Without thinking much about it I had noticed several signs, througout Tijuana, stating that Cuban cigars were sold at various locations. Then I came across "La Casa Del Habano" on Avenida Revolucion and was impressed with the look of the place. Not only do they sell genuine Cuban cigars and related items such as humidors, they sell coffee--espresso and cappuccino. I don't smoke cigars, but would recommend this place for the coffee.
There are numerous parking lots on the U.S. site of the border crossing point in San Ysidro. They are large and always guarded - does it mean that there are many car thefts there?
The parkings are opened non-stop (mostly) and there were quite a lot of cars but they were not full in April 2003. I paid $7 for my parking (up to 24 hours).
Please remember that they will not check your passport as you are going in to Mexico, but American Immigration will certainly check it on the way into the US. Be sure you have your passport with you before you enter Mexico or you could be staying there a long time.
Look at my picture: when you walk to Tijuana, Mexico from San Ysidro, the USA you cross the border in this point - just walk througn this one-way metal revolving door.
And - what a big surprise - there is NO border check-up, no customs, no border guards just doors to Mexico! First I was very surprised but... what for to check people walking from the USA to Mexico? It does work quite another way on the opposite direction.
Although... after 11 September... I am not sure. A few terrorists were living in nearby San Diego - couldn't they escape easily to Mexico this way? Hmm... maybe U.S. and Mexico is possible to close the border immediately in emergency. Am I wrong?
Waiting in a long line to enter the USA you can see numerous street vendors. They just lie and present their goods on the ground along the line. Suprise - there are female's vendors among them (I have never seen them in the downtown).
Hmm... I didn't find anything interesting for me there, but you can try :-).
When you drive a car back to the USA you must wait (sometimes more than 1 hour) in a loong line. But you can buy the last souvenirs, food, soft drinks directly from your car - there are numerous "border vendors" sometimes equipped with special carts for sold goods.

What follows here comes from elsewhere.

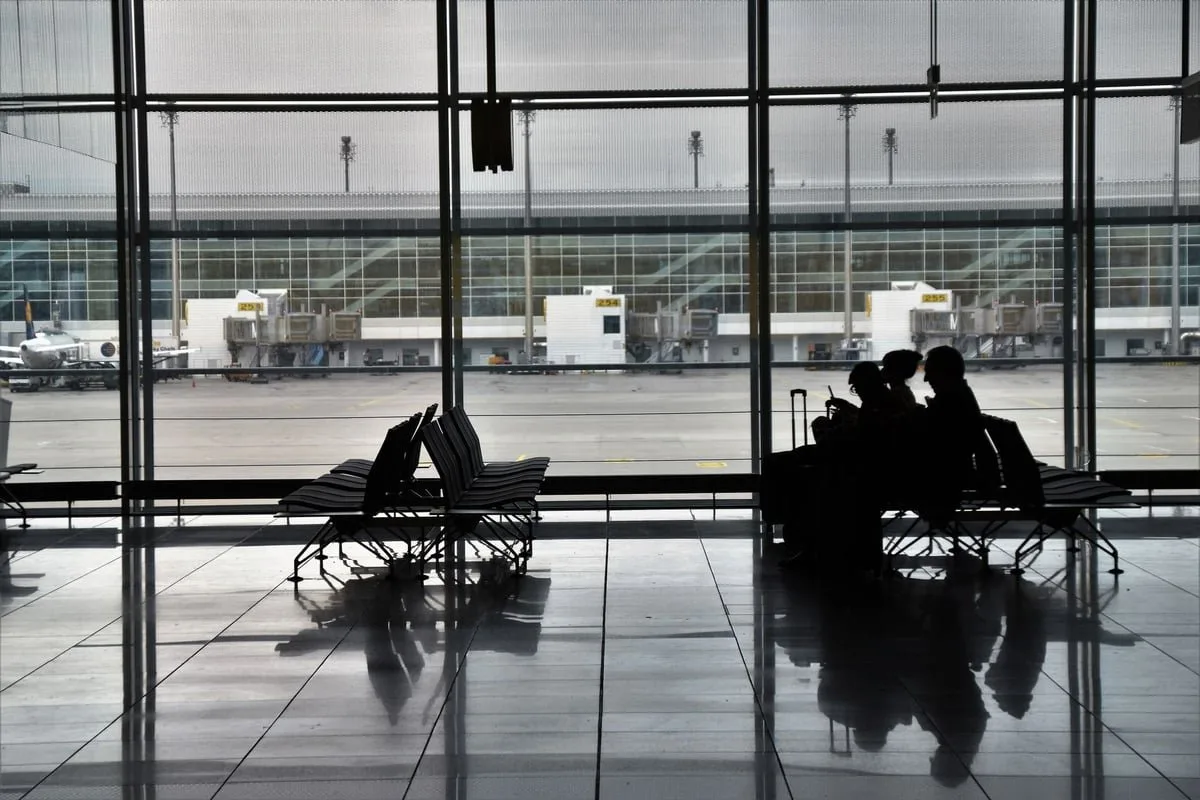 Grupo de pessoas com malas em terminal de viagem em referência ao Dia Internacional do Migrante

So a serious note, if you've never left the US it is sort of interesting to see how the other half lives and experience a different culture (although its a culture that is really quite familar to lots of folks in major US cities with significant latino populations). But TJ's problem is that it really is nothing more than a cheap, tourist carnival -- at least in the major tourist areas (I'm sure there are good areas, and if someone wants to post them, please do). Please, please, however, do not think 'Oh if that's what its like oversees I'm going to stick to the US.' Don't do yourself the misfortune of not seeing the world.